= Eswatini in World War II =

Eswatini (known at the time as Swaziland) remained a British protectorate throughout World War II. As such, it fought alongside the Allies against the Axis. While no large scale battles or major military operations took place in or around Eswatini, the colony did supply the Allies with troops during the war. World War II was also responsible for several important domestic developments in Eswatini.

==History==
Sobhuza II, the King of Eswatini at the time the war broke out, struck a deal with the British government, agreeing to help gather volunteers for the war effort within the country in exchange for the British allowing for greater Swazi autonomy in the future. A few thousand Swazi men ended up volunteering to fight alongside the Allies. Swazis enlisted into the African Auxiliary Pioneer Corps which went on to serve in Egypt and Libya during the Western Desert campaign, part of the larger North Africa campaign, and also participated in the Allied invasion of Italy. One notable Swazi veteran of the war is Mnikwa Dlamini, who later became the Chief of Hhelehhele.

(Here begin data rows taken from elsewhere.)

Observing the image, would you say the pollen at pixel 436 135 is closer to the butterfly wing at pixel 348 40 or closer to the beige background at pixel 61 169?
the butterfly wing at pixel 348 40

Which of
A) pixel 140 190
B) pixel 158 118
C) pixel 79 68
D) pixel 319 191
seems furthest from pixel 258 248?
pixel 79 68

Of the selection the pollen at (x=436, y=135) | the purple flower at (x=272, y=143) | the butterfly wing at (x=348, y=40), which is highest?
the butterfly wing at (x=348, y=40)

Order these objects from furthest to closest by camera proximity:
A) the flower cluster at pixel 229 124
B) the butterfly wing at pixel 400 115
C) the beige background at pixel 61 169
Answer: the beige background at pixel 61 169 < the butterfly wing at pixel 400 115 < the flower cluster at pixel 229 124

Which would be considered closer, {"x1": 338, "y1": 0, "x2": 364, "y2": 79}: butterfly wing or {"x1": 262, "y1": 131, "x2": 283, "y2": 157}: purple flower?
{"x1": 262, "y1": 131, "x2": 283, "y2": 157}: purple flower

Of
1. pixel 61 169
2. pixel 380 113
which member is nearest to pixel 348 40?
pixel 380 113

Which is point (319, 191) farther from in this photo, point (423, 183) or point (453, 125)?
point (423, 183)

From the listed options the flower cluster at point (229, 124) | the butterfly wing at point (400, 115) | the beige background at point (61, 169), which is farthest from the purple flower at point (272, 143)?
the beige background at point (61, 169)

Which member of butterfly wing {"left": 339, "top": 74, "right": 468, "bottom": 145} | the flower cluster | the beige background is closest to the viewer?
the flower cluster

Domestically, World War II led directly to the Swazi government's implementation of new administrative subdivisions in Eswatini called tinkhundla. Those Swazi soldiers who served in the war and had spent time in modern African port cities like Tripoli and Durban relayed their wartime experiences to King Sobhuza II and recommended to their monarch that he establish several community centers across the kingdom. These community centers, called inkhundla, eventually developed into the tinkhundla system found in Eswatini today. Swazi veterans of World War II also influenced their home country in that they eventually came to occupy several important leadership positions within the Swazi military.

The political and economic situation of the post-war world eventually allowed Eswatini to gain independence from the British Empire in 1968, as part of a much larger trend of decolonization across the world.

A memorial to Swazi soldiers who served in World War II was constructed near the mission of Bethany, located just outside of the town of Matsapha. The memorial records the names of 53 Swazi soldiers who died after returning to their home country, as well as those of 24 Swazi soldiers who died in Egypt. All Swazi soldiers not mentioned by name elsewhere are commemorated on the memorial's plaque, written in Siswati.